How does Liftr Insights gather data about public clouds?
We implement DevOps—a combination of development and operations. We write and maintain cloud-based apps to gather cloud data via each CSP’s application programming interface (API) and other methods of software automated data collection. If you are into software development, we’re an agile software development shop.
Does Liftr Insights field surveys to gather data?
No. We’re not against surveys—they’re very useful for finding information that is not publicly available. But we collect publicly-available data, so surveys are unnecessary. Because our public data collection is based on DevOps, we automatically collect data on everything we’re interested in. It’s fast, it’s comprehensive, there is no sample bias and it is much less expensive to implement than surveys.
How does Liftr Insights analyze the data it gathers?
We have data scientists on staff. They do data sciencey things like ensure we’re gathering the right data, normalize data so we can compare cloud service provider offerings and perform data analytics to compare the cloud service providers.
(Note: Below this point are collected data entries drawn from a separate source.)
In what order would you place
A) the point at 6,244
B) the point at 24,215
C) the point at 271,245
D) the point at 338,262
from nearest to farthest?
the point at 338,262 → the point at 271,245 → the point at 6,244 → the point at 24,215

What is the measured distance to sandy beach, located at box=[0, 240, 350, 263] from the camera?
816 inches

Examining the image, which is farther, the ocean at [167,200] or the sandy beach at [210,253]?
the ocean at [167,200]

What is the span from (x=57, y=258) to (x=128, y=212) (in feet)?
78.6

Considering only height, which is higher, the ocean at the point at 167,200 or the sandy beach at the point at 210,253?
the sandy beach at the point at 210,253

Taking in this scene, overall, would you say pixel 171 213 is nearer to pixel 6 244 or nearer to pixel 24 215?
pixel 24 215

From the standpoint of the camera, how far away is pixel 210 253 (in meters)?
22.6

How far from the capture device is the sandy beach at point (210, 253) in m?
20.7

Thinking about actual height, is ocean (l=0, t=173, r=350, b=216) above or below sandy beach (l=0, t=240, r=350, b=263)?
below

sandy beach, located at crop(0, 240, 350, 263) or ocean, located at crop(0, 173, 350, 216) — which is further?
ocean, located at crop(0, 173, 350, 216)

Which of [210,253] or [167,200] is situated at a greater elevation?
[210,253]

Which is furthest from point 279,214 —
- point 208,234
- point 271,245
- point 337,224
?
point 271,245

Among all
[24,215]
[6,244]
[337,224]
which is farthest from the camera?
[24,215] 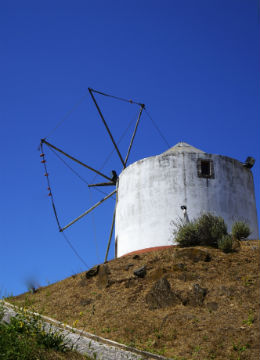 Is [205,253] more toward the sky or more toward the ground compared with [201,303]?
more toward the sky

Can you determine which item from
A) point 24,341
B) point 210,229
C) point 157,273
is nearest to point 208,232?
point 210,229

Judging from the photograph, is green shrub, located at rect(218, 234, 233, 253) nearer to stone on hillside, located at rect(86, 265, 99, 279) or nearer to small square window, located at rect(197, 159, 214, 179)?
small square window, located at rect(197, 159, 214, 179)

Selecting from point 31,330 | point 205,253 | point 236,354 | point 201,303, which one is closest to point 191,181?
point 205,253

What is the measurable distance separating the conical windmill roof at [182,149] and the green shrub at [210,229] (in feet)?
11.7

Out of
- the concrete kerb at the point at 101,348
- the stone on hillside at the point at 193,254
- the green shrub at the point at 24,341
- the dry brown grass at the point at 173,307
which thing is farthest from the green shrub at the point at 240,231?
the green shrub at the point at 24,341

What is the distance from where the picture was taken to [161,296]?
14664mm

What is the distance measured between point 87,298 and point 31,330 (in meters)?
6.08

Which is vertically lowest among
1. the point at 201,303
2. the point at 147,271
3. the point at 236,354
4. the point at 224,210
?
the point at 236,354

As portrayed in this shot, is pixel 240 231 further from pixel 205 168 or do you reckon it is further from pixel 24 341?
pixel 24 341

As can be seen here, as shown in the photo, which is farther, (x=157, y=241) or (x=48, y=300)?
(x=157, y=241)

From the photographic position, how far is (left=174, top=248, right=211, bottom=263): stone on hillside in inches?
656

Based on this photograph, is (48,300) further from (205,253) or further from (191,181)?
(191,181)

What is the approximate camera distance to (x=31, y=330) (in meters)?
10.1

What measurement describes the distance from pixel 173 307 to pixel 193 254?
3.14m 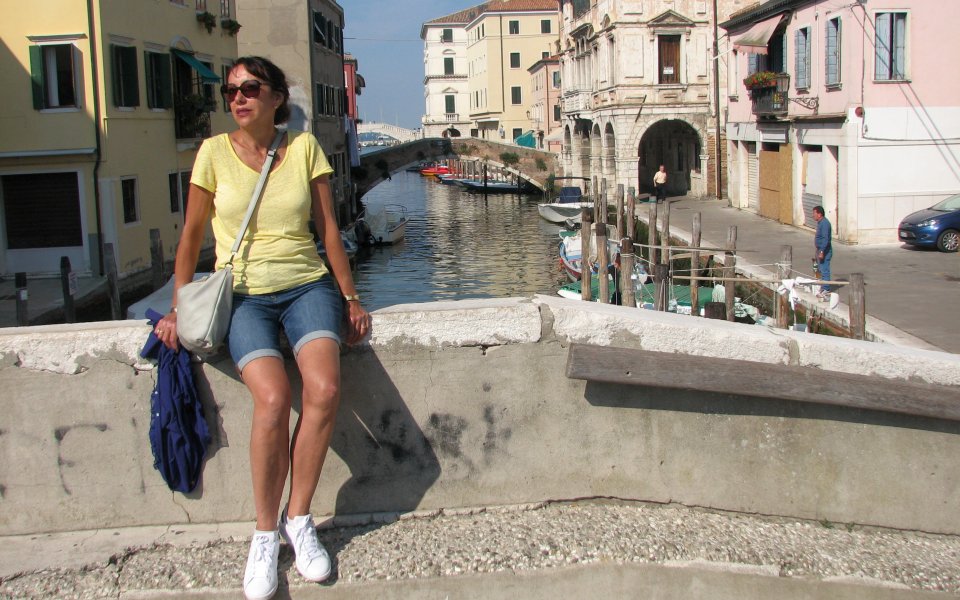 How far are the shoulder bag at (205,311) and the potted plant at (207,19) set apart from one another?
24.2 meters

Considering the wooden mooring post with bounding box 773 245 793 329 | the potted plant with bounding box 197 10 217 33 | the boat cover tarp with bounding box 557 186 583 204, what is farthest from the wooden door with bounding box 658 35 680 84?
the wooden mooring post with bounding box 773 245 793 329

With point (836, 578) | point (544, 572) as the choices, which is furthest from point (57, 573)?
point (836, 578)

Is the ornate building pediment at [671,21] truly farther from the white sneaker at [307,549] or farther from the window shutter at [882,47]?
the white sneaker at [307,549]

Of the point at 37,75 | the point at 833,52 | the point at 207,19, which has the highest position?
the point at 207,19

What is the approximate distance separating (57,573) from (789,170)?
83.3ft

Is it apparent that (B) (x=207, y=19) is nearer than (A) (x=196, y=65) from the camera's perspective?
No

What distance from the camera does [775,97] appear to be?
26.3m

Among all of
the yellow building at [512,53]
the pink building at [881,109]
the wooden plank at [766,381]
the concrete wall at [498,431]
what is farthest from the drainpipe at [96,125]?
the yellow building at [512,53]

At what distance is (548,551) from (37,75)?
1970 cm

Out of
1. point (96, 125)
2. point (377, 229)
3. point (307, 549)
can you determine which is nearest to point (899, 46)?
point (96, 125)

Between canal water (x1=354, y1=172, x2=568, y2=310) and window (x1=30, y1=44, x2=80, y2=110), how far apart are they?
732 cm

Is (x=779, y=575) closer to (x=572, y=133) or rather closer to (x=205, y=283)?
(x=205, y=283)

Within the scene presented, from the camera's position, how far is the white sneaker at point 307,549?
10.1 ft

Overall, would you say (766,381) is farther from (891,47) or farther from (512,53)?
(512,53) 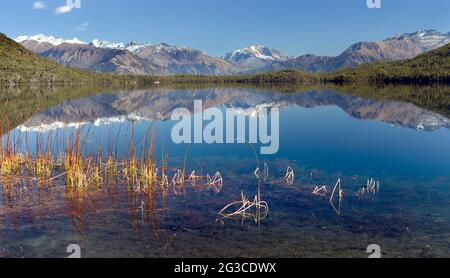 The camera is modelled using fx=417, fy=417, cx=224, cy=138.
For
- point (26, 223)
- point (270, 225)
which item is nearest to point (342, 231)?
point (270, 225)

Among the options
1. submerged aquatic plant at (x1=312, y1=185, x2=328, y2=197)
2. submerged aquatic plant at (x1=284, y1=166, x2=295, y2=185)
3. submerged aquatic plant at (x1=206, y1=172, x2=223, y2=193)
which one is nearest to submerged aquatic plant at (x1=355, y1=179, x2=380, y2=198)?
submerged aquatic plant at (x1=312, y1=185, x2=328, y2=197)

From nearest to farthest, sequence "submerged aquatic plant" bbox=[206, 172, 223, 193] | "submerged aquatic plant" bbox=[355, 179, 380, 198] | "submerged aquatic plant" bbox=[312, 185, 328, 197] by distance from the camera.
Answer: "submerged aquatic plant" bbox=[312, 185, 328, 197]
"submerged aquatic plant" bbox=[355, 179, 380, 198]
"submerged aquatic plant" bbox=[206, 172, 223, 193]

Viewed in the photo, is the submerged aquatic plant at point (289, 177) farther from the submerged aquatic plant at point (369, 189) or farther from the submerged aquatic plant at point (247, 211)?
the submerged aquatic plant at point (247, 211)

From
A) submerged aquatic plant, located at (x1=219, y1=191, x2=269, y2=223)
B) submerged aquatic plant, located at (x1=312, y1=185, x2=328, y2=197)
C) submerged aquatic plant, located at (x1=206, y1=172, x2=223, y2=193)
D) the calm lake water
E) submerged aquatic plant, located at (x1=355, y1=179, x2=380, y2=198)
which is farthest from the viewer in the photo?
submerged aquatic plant, located at (x1=206, y1=172, x2=223, y2=193)

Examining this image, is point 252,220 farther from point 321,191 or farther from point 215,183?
point 215,183

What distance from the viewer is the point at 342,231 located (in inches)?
533

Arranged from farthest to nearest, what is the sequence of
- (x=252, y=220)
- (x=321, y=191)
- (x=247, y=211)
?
(x=321, y=191) < (x=247, y=211) < (x=252, y=220)

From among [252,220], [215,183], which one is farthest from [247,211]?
[215,183]

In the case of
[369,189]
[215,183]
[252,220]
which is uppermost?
[215,183]

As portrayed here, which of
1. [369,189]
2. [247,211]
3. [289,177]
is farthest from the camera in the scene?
[289,177]

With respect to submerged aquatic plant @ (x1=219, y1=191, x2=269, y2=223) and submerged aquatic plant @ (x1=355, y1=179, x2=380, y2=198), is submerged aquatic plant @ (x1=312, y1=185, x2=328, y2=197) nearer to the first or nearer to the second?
submerged aquatic plant @ (x1=355, y1=179, x2=380, y2=198)

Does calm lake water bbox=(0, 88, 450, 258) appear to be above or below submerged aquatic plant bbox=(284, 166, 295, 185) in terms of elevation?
below

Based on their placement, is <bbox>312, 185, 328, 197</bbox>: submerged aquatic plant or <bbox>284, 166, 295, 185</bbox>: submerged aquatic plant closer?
<bbox>312, 185, 328, 197</bbox>: submerged aquatic plant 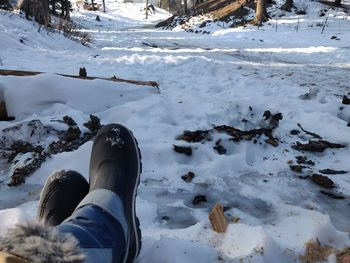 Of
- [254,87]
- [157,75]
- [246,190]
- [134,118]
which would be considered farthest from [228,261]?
[157,75]

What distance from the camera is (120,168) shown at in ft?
6.44

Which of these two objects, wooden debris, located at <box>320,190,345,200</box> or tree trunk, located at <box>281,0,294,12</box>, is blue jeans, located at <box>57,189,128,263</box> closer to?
wooden debris, located at <box>320,190,345,200</box>

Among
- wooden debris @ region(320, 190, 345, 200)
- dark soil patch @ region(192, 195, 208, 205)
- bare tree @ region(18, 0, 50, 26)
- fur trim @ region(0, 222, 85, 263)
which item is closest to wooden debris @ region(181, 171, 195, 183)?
dark soil patch @ region(192, 195, 208, 205)

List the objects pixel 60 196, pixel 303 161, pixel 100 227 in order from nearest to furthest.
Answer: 1. pixel 100 227
2. pixel 60 196
3. pixel 303 161

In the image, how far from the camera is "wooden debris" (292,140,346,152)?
2.97 meters

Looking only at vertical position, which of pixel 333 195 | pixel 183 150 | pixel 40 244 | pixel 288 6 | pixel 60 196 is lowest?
pixel 333 195

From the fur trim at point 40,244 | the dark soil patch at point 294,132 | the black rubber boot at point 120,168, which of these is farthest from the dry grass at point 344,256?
the dark soil patch at point 294,132

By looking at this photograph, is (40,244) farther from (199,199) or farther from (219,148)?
(219,148)

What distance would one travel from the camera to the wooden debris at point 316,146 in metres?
2.97

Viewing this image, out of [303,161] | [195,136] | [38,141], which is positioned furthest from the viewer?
[195,136]

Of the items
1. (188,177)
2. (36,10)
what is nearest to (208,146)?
(188,177)

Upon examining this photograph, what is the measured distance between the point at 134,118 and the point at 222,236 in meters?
1.84

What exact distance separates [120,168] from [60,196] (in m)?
0.33

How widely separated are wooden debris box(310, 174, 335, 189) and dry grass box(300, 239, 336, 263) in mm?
758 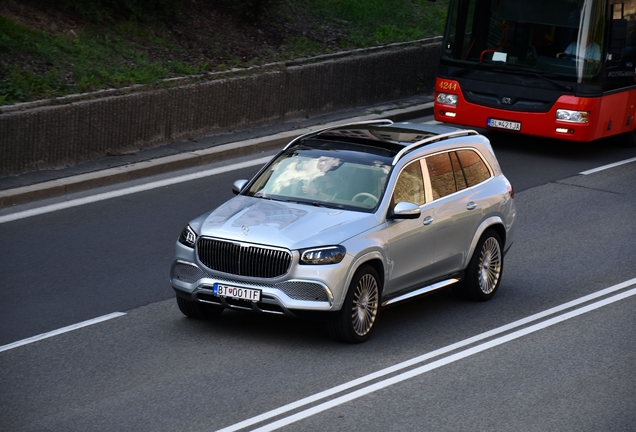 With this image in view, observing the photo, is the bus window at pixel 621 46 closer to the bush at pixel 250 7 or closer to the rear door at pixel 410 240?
the bush at pixel 250 7

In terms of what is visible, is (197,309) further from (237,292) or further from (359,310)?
(359,310)

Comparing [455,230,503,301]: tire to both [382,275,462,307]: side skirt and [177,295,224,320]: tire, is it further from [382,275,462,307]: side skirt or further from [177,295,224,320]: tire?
[177,295,224,320]: tire

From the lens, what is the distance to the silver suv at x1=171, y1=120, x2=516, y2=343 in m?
9.20

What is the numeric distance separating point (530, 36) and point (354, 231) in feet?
33.9

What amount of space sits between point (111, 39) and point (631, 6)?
9071 millimetres

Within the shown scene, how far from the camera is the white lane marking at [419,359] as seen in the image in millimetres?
7730

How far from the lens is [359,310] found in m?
9.55

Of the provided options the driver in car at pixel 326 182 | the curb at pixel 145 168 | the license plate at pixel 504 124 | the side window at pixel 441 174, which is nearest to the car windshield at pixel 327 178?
the driver in car at pixel 326 182

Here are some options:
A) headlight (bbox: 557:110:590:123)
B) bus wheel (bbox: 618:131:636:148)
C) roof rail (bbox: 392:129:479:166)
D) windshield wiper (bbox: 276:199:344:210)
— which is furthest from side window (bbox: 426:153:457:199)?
bus wheel (bbox: 618:131:636:148)

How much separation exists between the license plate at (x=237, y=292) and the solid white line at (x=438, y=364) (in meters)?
1.32

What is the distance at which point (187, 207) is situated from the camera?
47.8 ft

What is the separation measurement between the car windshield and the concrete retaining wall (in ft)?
19.3

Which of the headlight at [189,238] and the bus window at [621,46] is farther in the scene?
the bus window at [621,46]

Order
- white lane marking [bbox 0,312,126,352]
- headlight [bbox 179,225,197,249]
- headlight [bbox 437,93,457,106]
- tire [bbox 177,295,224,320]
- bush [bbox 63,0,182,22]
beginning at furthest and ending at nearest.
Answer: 1. bush [bbox 63,0,182,22]
2. headlight [bbox 437,93,457,106]
3. tire [bbox 177,295,224,320]
4. headlight [bbox 179,225,197,249]
5. white lane marking [bbox 0,312,126,352] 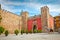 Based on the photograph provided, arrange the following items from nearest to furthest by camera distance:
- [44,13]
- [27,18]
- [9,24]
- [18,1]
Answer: [18,1] < [9,24] < [44,13] < [27,18]

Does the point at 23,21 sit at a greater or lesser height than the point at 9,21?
greater

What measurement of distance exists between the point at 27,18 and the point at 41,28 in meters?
3.40

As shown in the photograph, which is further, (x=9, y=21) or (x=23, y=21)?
(x=23, y=21)

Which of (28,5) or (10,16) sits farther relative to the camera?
(10,16)

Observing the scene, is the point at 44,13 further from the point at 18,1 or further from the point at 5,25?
the point at 18,1

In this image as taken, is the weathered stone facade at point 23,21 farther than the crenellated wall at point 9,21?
Yes

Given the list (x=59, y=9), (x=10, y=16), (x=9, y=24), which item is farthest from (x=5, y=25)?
(x=59, y=9)

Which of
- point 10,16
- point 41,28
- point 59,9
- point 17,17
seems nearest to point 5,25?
point 10,16

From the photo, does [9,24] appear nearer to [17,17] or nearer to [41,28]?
[17,17]

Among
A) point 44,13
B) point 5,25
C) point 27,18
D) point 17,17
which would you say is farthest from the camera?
point 27,18

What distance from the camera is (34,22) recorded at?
17.5m

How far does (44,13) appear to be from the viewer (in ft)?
55.0

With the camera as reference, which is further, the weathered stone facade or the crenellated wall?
the weathered stone facade

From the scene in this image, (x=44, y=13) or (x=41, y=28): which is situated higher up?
(x=44, y=13) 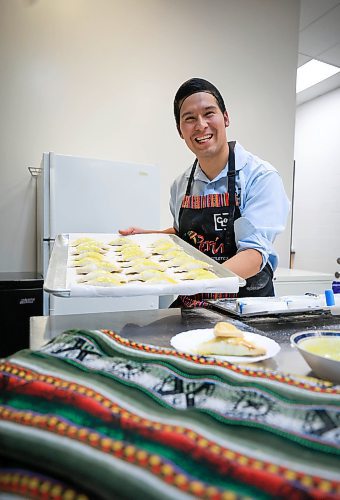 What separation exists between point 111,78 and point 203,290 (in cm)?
240

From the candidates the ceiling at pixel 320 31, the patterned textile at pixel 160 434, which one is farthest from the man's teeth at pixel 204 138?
the ceiling at pixel 320 31

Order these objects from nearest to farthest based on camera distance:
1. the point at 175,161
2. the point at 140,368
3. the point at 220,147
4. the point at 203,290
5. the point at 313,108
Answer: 1. the point at 140,368
2. the point at 203,290
3. the point at 220,147
4. the point at 175,161
5. the point at 313,108

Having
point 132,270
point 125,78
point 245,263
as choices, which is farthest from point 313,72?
point 132,270

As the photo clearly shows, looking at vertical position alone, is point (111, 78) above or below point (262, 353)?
above

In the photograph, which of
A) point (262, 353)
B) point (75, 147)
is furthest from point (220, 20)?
point (262, 353)

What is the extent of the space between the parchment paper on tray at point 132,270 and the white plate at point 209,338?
0.13m

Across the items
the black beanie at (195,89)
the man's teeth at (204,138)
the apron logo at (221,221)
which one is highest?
the black beanie at (195,89)

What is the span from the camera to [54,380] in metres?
0.44

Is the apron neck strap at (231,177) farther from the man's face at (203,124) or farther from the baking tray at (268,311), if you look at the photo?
the baking tray at (268,311)

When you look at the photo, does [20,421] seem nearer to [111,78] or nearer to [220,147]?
[220,147]

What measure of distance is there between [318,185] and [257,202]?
12.3 ft

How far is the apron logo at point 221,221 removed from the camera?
1.49 m

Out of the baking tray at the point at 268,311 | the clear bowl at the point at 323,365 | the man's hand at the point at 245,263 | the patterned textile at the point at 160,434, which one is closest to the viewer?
the patterned textile at the point at 160,434

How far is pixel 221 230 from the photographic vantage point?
150 centimetres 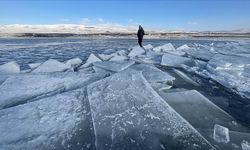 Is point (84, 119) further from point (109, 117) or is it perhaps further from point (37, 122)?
point (37, 122)

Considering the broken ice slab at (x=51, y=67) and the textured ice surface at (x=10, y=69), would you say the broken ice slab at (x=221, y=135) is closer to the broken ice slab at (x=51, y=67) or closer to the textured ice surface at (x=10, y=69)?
the broken ice slab at (x=51, y=67)

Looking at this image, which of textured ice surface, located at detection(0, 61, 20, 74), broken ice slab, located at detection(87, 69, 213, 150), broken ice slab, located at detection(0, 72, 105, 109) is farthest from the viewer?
textured ice surface, located at detection(0, 61, 20, 74)

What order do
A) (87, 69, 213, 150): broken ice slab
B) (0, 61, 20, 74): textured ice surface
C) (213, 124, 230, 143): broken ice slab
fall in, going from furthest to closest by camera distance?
(0, 61, 20, 74): textured ice surface → (213, 124, 230, 143): broken ice slab → (87, 69, 213, 150): broken ice slab

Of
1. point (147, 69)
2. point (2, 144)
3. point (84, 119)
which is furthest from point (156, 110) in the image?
point (147, 69)

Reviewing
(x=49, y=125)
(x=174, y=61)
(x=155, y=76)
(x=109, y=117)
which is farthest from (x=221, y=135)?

Does Liftr Insights use machine learning?
Yes, we occasionally use machine learning. We spend a lot of time on making sure we gather the right data and that the data we gather is clean (data scientists call it “data hygiene”). Then, through our Liftr Cloud Distiller database and other internal systems of record, we normalize the data we gather from each cloud service provider so that we can make fair comparisons between the providers. Machine learning is part of our analysis mix. We also use a lot of other analytic techniques.
Any data through API?
Yes, as part of the automated data pipeline, we harvest the bulk of our data through API. Having programmatic access to data ensures that our analysis is less prone to errors and always up-to-date.
How do I know your data is unbiased?
We reduce bias by not fielding surveys and not sampling. We reduce bias by not cherry-picking the best data or cutting corners to collect the convenient data. We count everything.